• _PROBLEM TO WORK ON_
Lines to return, exactly: from the line with "Black Rhino 42" to the line with "122472176_855054178602913_2737947442036532531_n" in the entries below, both included.

• _GIVEN DATA_
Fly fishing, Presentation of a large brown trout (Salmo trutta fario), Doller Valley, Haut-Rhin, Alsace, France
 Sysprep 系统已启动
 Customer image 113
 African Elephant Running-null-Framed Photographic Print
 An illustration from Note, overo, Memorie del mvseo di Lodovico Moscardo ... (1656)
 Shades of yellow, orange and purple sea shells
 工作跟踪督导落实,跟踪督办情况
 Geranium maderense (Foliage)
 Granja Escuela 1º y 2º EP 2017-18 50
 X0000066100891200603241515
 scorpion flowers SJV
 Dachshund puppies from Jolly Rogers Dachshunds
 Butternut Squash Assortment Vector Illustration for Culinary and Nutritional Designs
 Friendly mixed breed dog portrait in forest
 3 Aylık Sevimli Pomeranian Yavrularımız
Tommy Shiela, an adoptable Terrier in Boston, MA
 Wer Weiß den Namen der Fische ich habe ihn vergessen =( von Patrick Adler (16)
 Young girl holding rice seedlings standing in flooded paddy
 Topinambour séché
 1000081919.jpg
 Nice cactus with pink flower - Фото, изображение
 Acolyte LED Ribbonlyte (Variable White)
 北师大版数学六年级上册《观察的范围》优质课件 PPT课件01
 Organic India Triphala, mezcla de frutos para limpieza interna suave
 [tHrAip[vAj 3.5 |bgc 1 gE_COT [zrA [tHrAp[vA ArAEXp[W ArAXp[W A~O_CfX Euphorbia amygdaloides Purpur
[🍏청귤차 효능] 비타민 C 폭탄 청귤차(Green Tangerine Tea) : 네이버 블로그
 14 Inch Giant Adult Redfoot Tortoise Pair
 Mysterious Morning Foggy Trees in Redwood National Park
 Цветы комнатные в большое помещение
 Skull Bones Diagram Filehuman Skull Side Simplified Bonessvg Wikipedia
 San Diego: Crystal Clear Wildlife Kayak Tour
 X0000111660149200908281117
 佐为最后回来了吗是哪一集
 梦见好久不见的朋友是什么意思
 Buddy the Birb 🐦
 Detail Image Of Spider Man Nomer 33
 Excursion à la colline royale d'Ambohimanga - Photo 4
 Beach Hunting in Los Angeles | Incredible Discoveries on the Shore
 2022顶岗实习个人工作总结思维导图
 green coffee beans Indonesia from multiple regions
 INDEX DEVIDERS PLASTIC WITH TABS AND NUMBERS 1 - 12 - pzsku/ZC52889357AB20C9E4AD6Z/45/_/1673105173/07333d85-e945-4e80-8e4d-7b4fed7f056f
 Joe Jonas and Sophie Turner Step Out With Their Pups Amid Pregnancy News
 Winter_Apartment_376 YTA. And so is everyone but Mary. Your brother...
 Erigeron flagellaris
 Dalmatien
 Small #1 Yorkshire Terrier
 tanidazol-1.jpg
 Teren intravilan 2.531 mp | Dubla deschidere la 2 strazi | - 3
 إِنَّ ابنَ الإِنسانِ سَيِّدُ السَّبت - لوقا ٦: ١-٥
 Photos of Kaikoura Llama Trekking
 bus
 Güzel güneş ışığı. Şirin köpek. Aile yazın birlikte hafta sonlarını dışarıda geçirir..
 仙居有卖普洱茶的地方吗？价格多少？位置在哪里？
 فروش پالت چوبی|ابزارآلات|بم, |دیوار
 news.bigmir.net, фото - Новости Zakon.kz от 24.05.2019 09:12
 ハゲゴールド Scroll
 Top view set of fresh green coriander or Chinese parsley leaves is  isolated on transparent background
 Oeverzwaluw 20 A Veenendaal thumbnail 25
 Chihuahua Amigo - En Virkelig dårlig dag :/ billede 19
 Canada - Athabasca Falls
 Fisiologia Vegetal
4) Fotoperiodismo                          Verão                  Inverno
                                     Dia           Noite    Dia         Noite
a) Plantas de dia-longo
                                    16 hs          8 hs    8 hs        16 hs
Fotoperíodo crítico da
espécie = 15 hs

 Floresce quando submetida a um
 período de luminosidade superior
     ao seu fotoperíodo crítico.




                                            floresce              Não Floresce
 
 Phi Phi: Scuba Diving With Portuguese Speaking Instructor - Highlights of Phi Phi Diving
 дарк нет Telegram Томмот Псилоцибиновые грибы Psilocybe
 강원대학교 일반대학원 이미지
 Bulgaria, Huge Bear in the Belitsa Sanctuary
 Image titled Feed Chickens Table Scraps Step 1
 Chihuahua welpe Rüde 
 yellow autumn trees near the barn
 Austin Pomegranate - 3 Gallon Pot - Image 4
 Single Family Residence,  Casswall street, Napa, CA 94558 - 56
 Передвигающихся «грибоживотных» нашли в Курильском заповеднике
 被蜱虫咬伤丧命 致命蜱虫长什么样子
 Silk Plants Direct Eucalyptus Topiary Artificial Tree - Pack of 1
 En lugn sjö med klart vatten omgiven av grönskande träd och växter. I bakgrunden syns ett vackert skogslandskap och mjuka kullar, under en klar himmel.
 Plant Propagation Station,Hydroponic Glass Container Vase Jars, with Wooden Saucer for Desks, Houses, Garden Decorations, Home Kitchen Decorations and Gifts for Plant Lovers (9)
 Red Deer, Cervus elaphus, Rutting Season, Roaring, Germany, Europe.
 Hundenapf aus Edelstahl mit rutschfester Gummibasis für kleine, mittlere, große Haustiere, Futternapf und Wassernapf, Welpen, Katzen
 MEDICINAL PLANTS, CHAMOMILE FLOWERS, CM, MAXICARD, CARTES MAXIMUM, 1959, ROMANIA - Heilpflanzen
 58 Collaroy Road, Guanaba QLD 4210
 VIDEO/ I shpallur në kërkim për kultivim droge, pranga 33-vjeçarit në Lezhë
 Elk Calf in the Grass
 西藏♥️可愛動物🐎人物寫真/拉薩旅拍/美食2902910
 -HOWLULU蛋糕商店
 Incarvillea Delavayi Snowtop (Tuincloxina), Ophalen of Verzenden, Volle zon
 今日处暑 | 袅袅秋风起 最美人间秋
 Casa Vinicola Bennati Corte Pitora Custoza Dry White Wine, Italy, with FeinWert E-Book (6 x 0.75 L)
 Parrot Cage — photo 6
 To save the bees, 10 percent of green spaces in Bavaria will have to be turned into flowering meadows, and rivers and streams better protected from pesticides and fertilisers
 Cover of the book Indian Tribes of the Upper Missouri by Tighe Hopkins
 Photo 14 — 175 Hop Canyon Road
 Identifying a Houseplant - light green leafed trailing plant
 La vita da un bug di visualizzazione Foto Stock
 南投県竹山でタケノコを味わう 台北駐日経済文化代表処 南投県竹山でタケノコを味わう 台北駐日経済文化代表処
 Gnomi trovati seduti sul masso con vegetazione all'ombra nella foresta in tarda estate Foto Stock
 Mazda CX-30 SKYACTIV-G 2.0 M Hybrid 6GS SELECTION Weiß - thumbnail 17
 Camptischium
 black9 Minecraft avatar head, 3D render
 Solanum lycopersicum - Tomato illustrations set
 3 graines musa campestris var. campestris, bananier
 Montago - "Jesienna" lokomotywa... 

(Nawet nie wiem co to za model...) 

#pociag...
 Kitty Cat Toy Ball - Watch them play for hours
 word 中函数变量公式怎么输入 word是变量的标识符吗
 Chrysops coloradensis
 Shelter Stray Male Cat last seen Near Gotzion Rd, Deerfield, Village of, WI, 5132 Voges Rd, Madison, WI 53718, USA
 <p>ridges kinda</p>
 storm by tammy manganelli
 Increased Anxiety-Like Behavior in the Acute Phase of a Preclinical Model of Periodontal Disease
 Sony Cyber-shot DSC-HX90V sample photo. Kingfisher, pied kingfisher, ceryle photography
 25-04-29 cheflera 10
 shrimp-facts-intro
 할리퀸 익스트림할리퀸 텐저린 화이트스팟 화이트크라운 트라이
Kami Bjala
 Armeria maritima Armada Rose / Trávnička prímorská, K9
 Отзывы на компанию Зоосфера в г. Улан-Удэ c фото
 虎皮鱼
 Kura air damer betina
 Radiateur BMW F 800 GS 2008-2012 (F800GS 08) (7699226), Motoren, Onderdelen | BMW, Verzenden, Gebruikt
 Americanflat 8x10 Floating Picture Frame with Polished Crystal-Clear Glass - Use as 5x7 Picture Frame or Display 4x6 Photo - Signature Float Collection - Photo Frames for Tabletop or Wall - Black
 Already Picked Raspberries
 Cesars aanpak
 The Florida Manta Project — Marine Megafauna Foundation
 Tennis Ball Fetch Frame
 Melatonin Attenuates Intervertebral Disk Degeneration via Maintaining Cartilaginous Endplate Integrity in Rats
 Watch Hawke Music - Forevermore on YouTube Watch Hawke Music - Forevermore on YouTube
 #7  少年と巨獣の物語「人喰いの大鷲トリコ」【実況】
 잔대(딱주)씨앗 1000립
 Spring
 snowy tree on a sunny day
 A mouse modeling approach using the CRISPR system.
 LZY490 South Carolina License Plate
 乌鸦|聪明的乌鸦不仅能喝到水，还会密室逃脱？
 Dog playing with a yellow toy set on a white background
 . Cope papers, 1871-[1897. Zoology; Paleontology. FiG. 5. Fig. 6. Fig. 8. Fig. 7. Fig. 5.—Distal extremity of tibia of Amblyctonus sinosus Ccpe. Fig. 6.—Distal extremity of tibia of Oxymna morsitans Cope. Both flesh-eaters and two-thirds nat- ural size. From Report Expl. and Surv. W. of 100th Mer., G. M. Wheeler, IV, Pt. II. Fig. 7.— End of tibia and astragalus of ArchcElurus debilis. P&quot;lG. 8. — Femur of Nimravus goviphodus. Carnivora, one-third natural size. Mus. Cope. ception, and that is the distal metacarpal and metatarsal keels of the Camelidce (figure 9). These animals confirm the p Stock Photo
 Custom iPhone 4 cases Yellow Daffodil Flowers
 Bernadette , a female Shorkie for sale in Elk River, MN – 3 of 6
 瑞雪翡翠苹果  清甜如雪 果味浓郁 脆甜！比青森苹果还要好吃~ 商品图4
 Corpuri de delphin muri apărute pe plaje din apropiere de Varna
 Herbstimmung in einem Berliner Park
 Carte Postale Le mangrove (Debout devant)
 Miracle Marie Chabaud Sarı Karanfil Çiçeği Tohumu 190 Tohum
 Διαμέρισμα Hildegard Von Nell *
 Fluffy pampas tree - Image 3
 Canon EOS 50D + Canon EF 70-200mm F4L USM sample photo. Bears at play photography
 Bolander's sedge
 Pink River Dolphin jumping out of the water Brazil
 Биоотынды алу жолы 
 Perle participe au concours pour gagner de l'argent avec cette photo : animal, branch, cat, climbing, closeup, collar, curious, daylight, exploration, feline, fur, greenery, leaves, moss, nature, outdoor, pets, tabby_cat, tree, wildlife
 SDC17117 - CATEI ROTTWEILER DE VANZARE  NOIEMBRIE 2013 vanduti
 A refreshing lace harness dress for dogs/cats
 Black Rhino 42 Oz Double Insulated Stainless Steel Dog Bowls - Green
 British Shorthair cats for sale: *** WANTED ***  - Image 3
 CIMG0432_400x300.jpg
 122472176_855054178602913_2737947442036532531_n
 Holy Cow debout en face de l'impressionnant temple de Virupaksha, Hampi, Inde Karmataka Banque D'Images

• _TASK SOLUTION_
 Black Rhino 42 Oz Double Insulated Stainless Steel Dog Bowls - Green
 British Shorthair cats for sale: *** WANTED ***  - Image 3
 CIMG0432_400x300.jpg
 122472176_855054178602913_2737947442036532531_n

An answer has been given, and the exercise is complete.